Hi, I'm using the in database tools and coming across a performance issue, wondering if anyone has experienced similar?
This isn't the exact scenario, but shows a close enough example.
There are 2 tables in an Amazon AWS Redshift server:
ProductRecords
--------------------
personid | product type | startdate | enddate
ActionRecords
--------------------
personid | action type | action date
I need to find out what product type was active at the time of action records.
So I need to join the actions to the product records, by personid and also ensure that action date falls between ProductRecords.startdate and ProductRecords.enddate.
If there is no corresponding Product record for the action, I still want to keep the action record.

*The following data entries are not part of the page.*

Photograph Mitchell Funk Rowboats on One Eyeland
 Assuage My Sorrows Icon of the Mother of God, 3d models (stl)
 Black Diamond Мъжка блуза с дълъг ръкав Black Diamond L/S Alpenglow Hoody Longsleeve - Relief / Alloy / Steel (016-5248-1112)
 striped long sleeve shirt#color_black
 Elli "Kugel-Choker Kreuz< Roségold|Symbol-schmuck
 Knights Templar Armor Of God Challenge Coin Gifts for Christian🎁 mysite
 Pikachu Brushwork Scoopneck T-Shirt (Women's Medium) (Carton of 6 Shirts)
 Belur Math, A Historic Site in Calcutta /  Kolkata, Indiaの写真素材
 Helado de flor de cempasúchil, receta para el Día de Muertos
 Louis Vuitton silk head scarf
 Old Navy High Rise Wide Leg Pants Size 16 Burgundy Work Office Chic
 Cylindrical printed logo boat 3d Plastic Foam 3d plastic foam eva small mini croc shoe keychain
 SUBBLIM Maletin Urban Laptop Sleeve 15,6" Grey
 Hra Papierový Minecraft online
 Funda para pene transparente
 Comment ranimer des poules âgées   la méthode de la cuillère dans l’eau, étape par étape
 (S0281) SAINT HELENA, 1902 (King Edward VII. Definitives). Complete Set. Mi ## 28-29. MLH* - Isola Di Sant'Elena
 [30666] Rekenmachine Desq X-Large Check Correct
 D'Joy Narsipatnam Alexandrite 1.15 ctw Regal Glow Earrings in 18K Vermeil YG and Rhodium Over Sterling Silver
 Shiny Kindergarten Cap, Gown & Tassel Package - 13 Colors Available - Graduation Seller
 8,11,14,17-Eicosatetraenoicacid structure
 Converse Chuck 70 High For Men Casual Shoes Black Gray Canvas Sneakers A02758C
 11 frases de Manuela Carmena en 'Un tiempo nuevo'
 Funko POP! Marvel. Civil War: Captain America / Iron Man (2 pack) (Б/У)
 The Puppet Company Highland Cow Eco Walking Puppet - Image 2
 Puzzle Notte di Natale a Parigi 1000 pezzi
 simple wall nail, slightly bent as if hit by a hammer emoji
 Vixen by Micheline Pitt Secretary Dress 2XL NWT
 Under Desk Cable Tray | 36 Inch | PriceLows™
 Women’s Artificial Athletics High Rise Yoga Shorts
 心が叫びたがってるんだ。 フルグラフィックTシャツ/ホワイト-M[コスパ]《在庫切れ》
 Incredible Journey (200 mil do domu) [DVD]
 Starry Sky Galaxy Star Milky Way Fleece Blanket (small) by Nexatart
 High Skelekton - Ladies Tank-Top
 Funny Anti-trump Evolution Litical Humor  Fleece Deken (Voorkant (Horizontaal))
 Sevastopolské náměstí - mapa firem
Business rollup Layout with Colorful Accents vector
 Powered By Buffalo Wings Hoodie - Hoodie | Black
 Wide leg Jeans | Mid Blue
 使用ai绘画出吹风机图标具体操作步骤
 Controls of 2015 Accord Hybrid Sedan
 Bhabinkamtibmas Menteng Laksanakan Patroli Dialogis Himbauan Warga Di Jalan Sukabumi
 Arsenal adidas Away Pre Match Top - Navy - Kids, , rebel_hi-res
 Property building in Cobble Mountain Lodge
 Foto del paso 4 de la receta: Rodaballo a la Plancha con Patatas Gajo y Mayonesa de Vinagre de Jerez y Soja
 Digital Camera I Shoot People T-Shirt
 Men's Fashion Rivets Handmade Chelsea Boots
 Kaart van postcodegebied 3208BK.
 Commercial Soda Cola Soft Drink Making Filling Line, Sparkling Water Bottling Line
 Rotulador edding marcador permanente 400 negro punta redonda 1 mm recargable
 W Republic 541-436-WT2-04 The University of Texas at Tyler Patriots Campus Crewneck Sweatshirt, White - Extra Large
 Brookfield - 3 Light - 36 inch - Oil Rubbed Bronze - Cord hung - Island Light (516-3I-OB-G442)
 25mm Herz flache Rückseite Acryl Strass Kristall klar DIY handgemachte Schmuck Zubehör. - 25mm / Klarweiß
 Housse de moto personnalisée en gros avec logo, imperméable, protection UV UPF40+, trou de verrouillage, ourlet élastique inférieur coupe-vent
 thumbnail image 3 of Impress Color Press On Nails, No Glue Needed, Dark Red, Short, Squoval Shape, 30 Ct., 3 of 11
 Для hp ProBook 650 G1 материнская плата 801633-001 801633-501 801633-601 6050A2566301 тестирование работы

Alteryx doesn't yet allow conditional joins, so I do the following:
1. Use In DB join tool (Left outer) to join the 2 tables by person id, left side being the action records so the action is still kept if there are no product record for the personid
2. Use a filter tool on the results from step 1, in order to send the records with NULL product type value to T output
3. For the records sent to F output in step 2, they are sent to another filter tool so only records where actiondate falls between startdate and end date are kept
4. Union the T output from step 2, with the results from filter in step 3 It works fast up until the union step in step
Even using a small subset of data (less than 10,000 rows), it takes atleast 5 minutes for the union tool to show as complete. It must be the way the nested sql statements are being created in the background?
I've also tried doing something similar by using multiple joins and came across same bottleneck.
I'm also getting the performance bottlenecks when using in DB unions later on in the workflow
Any ideas? It would be great if it was possible to see what SQL statements are being generated in the background which could assist in figuring out where the problem is.